Baltimore's center will be the 13th in the country, aimed at helping primarily black-owned small businesses increase revenue, create jobs and add wealth in the community, Marc H. Morial, CEO of the National Urban League, said Friday.
"Black-owned businesses are essential to any thriving 21st-century urban community," Morial said. "There is tremendous will, tremendous initiative, tremendous energy out there in the Baltimore small-business community. What we've got to do is open some doors. What we have to do is build some ladders. What we have to do is help these businesses grow because as they grow, West Baltimore will grow, the city of Baltimore will grow."
The National Urban League is scheduled to hold its 2016 conference in Baltimore, which the organization estimates will bring $4.2 million in economic impact to the city.
Existing entrepreneurial centers in cities such as Cleveland, New Orleans and Washington each serve about 1,000 small businesses a year and have helped create or save 100 jobs a year, Morial said.
Baltimore's entrepreneurial center will be housed at the Greater Baltimore Urban League's headquarters on Orchard Street in Seton Hill. It will be named for the late Raymond V. Haysbert Sr., who was CEO of the former Parks Sausage Co. and a past chairman of the local Urban League.

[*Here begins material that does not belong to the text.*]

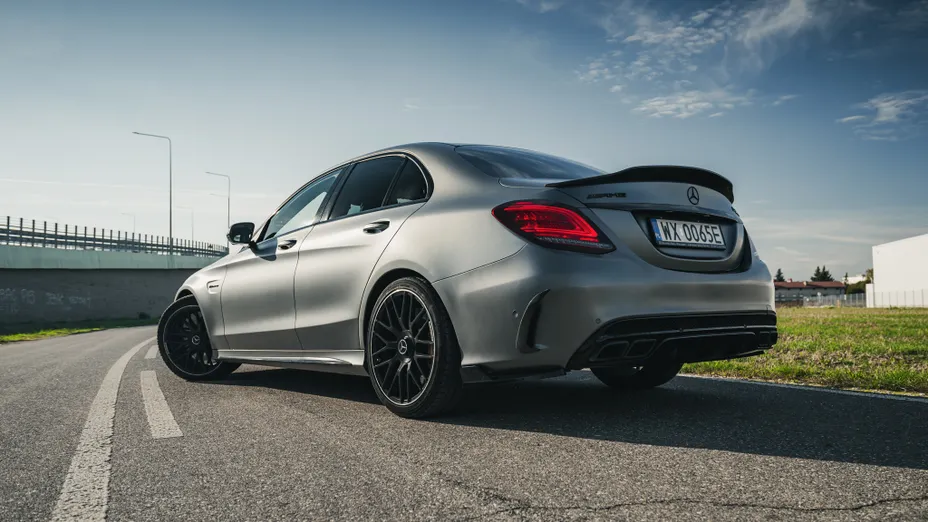 MERCEDES-BENZ C Klasa AMG C 63 S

Mayor Stephanie Rawlings-Blake said the new center will "offer support for a community that has often been perceived as difficult to reach."
The U.S. Economic Development Administration is providing $300,000 in funding for the center.
U.S. Assistant Secretary of Commerce for Economic Development Jay Williams said such programs are aimed at giving businesses equal opportunities.
"We have allowed for far too long for individuals to be defined by the ZIP codes in which they reside," he said. "In a country that defines itself on individualism and effort, that is something that we don't find acceptable."
The city also has agreed to help try to identify sources of funding for the center but has not committed to any specific dollar amounts, a spokesman for the mayor's office said.
Adrian Harpool, a spokesman for the Greater Baltimore Urban League, said they've already started reaching out to business owners in West Baltimore and across the city to gauge interest and to create a curriculum.